When you turn the key to the Ignition position you should see the lights in the dashboard display come on for a short while to test them out.
If not then you most likely have a dead battery or the Ignition circuit or switch is bad or power to it is missing.
The easiest place to test power from the Ignition switch is in the "Coach Electrical
Box". The Ignition relay should pick and provide 12V power to the ignition terminal strip. Generally you will hear the "Air Compressor" running as soon as you turn the Ignition switch to the run position.
When you turn the key to the Start position and it just clicks, then go to the
"Starter not working. It just clicks!" tip.
If nothing happens then go to the "Starter not working. It won't even
click!" Tip.
If you think it might be the "Starter Relay"; you can check it out as follows;
however, it's hard to get a jumper or meter probe on the contacts without
installing test points in the starter relay wiring.

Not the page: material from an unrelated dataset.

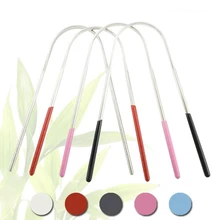 Полезный скребок для языка из нержавеющей стали для чистки полости рта, медицинская щетка для рта, многоразовый аппарат для свежего дыхания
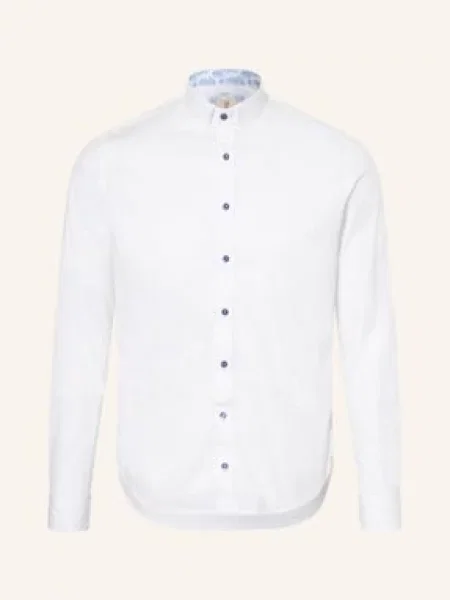 Q1 Manufaktur Košile Sandro Extra Slim Fit bílá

- Using a Volt meter you should see 12 Volts at terminal 1 (yellow 16 gage
wire) from the Battery
or the Ignition
switch in the Run position depending on the year.
- At terminal 4 (red 12 gage wire) you should see 12 Volts when the Ignition is turned to the start position.
- At terminal 3 (brown 14 gage wire) the Solenoid line will have 12 volts when the relay picks.
- Terminal 2 (brown & yellow 18 gage wirers) provides ground to the circuit through the "Transmission interlock switch" found in the transmission. If you don't have a good ground then the shift linkage or the interlock switch is out of
adjustment or bad. It should provide ground when the transmission is in park.
With the ignition switch in the run position test the Starter Relay by
installing a heavy duty jumper from (1) to (4). Note: this bypasses the ignition
start switch. If it cranks then the relay is ok.
If not then install another heavy duty jumper from (2) to ground. If it cranks then the relay is ok and the "Transmission interlock switch" is bad or out of adjustment. If not then the relay is bad and you need to replace it. See
"Relays: Starter, A/C & ASD" for addition information and tips.
You can bypass the relay and start your rig by using a jumper from (4) to (3) to pick the Solenoid on the
Starter. This is what the "Remote Starter Switch / Transmission Interlock Bypass
Switch" does as described in the tip.